There is another anti-seizure drug, lamotrigine (Lamictal), that is less likely to lead to weight gain, but Wilkening said patients’ best bet may be to adjust their diet and exercise regimen to help keep weight under control.
This is a class of steroid hormones prescribed for a variety of chronic conditions, including asthma, rheumatoid arthritis and lupus, as well as to those who’ve received an organ transplant. Not only do they increase appetite, these drugs also redistribute body fat to the abdominal area, so any weight gain is more noticeable.
For patients with the medical need for these drugs, the best way to minimize weight gain is through diet and exercise.
This increasingly common disease occurs when muscle and brain cells become resistant to insulin, the hormone that signals body cells to absorb glucose (sugar) to use for energy.
Some popular oral diabetes meds in the sulfonylurea class, including chlorpropamide (Diabinese) and glyburide (Mocronase), work by stimulating the pancreas to release more insulin.
“That causes insulin to store excess glucose as fat, so you gain weight,” said Oralia Bazaldua, a pharmacist and professor of family and community medicine at UT Health San Antonio. “And some people also tend to eat more for fear of hypoglycemia, or low blood sugar.”

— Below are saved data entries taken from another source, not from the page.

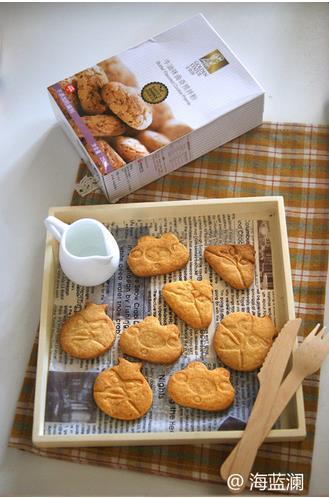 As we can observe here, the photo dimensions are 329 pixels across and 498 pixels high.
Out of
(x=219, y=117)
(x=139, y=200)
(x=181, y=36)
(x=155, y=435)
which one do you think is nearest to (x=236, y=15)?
(x=181, y=36)

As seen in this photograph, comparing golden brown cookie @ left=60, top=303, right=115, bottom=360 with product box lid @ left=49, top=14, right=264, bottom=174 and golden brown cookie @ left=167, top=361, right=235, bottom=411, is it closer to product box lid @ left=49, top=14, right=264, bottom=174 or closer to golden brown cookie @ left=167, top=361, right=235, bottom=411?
golden brown cookie @ left=167, top=361, right=235, bottom=411

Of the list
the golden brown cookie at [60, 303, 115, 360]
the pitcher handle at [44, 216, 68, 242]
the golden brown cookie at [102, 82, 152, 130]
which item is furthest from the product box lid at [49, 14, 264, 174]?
the golden brown cookie at [60, 303, 115, 360]

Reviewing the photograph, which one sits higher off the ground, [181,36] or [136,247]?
[181,36]

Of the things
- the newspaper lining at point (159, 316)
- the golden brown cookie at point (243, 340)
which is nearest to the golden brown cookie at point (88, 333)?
the newspaper lining at point (159, 316)

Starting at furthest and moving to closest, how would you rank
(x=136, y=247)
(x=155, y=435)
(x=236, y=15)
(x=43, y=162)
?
(x=236, y=15) < (x=43, y=162) < (x=136, y=247) < (x=155, y=435)

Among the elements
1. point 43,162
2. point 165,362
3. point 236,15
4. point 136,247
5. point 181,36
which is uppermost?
point 236,15

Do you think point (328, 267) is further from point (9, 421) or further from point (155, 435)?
point (9, 421)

Another class of drugs, called thiazolidines, include pioglitazone (Actos) and rosiglitazone (Avandia) that help insulin work better, so less sugar is lost in the urine. This can lead to weight gain and fluid retention.
One popular alternative to these drugs, according to Bazaldua, is metformin (Glucophage), which makes cells more sensitive to insulin. This allows the liver to produce less sugar, reducing risk of weight gain. Newer, self-injectable drugs like once-a-day liraglutide (Victoza) and once-a-week dulaglutide (Trulicity) work similarly.